Natureza

Segundo John N. Deck, Plotino usa a palavra physis («natureza») em vários sentidos, que são necessariamente, mas facilmente, distinguidos. Em um sentido geral, a natureza pode significar a «constituição» de uma coisa ou um princípio. Este é o sentido do termo no qual Plotino pode se referir à natureza do corpo (Enéada III.6.6), a natureza da forma (Eneada III, 6, 4), ou até a natureza do Bem (Eneada IV, 8, 13). Ainda, a natureza pode significar hipóstase, como quando Plotino chama o Uno a primeira natureza e o Noûs a segunda natureza.

Mas em Eneada-III-8 e em muitos outros lugares, a natureza significa a parte inferior da Alma-do-Mundo. Esta parte, funcionando em plantas e na terra (para Plotino a terra é viva — Eneada-IV, 4, 27), é proximamente correlativa à alma generativa-vegetativa no homem e no animal.

A Natureza parece preencher o intervalo entre os mundos inteligível e visível, e na natureza a distinção entre estes dois mundos pode parecer enevoada. Por outro lado, a natureza é uma alma (Eneada-III, 8, 4), um logos, um eidos, (forma como inteligível) (Eneada-III, 8, 2). É imóvel (ibid.), distinta da matéria e do corpo (Eneada-V, 8, 3). As plantas e os animais têm a natureza em si, «como tal, disposta próxima ou ao lado» (Eneada-IV, 4, 14). A matéria não entra em sua constituição (Eneada-V, 9, 6; Eneada-III, 8, 2). Por outro lado há a afirmação: «O que vem da alma e está refletida na matéria é natureza, na qual, ou melhor, diante da qual, seres reais cessam. E estes são o os últimos dos inteligíveis: pois destes em diante só há imitações» (Eneada-IV, 4, 13).

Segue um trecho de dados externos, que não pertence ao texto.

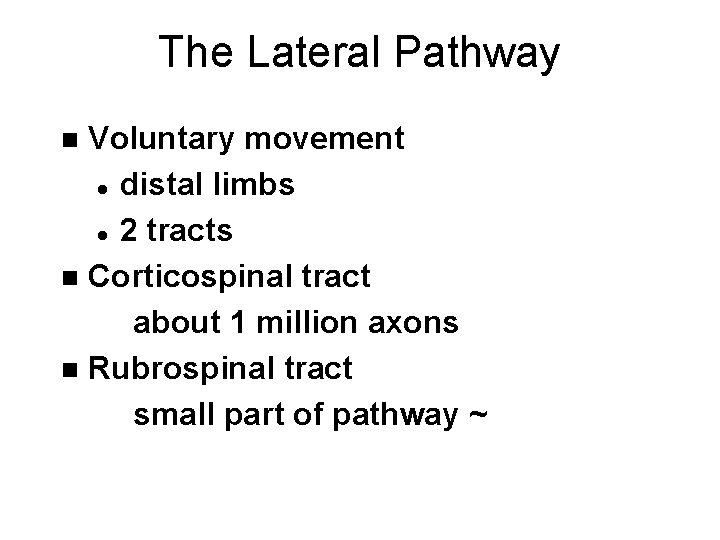 The Lateral Pathway Voluntary movement l distal limbs l 2 tracts n Corticospinal tract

A não ser que este «diante da qual» seja tomado em um sentido forte, que não parece o caso na citação acima, Plotino está localizando a natureza na fronteira entre seres reais e imitações (Eneada-V, 1, 7). Como alma, pode se ter a expectativa de ser um ser real, mas é a última irradiação da alma para em direção ao corpo (Eneada-IV, 4, 13). A mais enfraquecida das coisas reais, não é exatamente um ser real. A contemplação que tem e é, contemplação com a de um homem dormindo ou sonhando, é inferior à contemplação apropriada para um ser real. No entanto é um forma inteligível distinta da forma visível, que é um logos procedendo dela1.

A natureza não é exatamente ser real, nem é, sem qualificação, alma. É verdade que Plotino descreve ela como uma alma inferior, como o rebento da alma (Eneada-III, 8, 4) — mas mesmo o corpo, na medida que é ser, é alma. A natureza é «o último da alma» (Eneada-IV, 4, 13). A alma, descendo nas plantas, faz outra hipóstase. Assim ela «parece» descer; ela desce «de certo modo»; há «algo de» alma, um traço de alma (Eneada-V, 2, 1), nas plantas. A natureza é uma imagem especular da alma, a qual a alma dá ao corpo (Eneada-I, 1, 8). A natureza é uma imagem da sabedoria da Alma-do-Mundo, «possuindo a última intelectualidade irradiada (logos)» (Eneada-IV, 4, 13). A continuidade da natureza com a alma é assim o que Plotino considera como a continuidade linear de um inferior com um superior.


  1. Inge afirma bastante categoricamente: «A Natureza é a mais baixa das existências espirituais… Plotino concede realidade ou existência espiritual à natureza».